**Task item**
From the first entry to the last, repeat them all exactly.

**Short descriptive text snippets**
§
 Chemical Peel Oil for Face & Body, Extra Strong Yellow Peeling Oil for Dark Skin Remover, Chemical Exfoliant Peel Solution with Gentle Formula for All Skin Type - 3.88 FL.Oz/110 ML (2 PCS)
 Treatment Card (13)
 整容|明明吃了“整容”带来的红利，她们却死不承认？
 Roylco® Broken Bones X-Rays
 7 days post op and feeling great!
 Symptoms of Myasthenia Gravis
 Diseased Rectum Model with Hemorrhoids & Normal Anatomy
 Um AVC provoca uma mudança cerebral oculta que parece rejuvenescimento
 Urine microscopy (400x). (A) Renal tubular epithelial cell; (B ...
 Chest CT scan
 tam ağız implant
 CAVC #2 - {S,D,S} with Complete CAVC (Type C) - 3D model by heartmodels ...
§
**Solution for this problem**
 Chemical Peel Oil for Face & Body, Extra Strong Yellow Peeling Oil for Dark Skin Remover, Chemical Exfoliant Peel Solution with Gentle Formula for All Skin Type - 3.88 FL.Oz/110 ML (2 PCS)
 Treatment Card (13)
 整容|明明吃了“整容”带来的红利，她们却死不承认？
 Roylco® Broken Bones X-Rays
 7 days post op and feeling great!
 Symptoms of Myasthenia Gravis
 Diseased Rectum Model with Hemorrhoids & Normal Anatomy
 Um AVC provoca uma mudança cerebral oculta que parece rejuvenescimento
 Urine microscopy (400x). (A) Renal tubular epithelial cell; (B ...
 Chest CT scan
 tam ağız implant
 CAVC #2 - {S,D,S} with Complete CAVC (Type C) - 3D model by heartmodels ...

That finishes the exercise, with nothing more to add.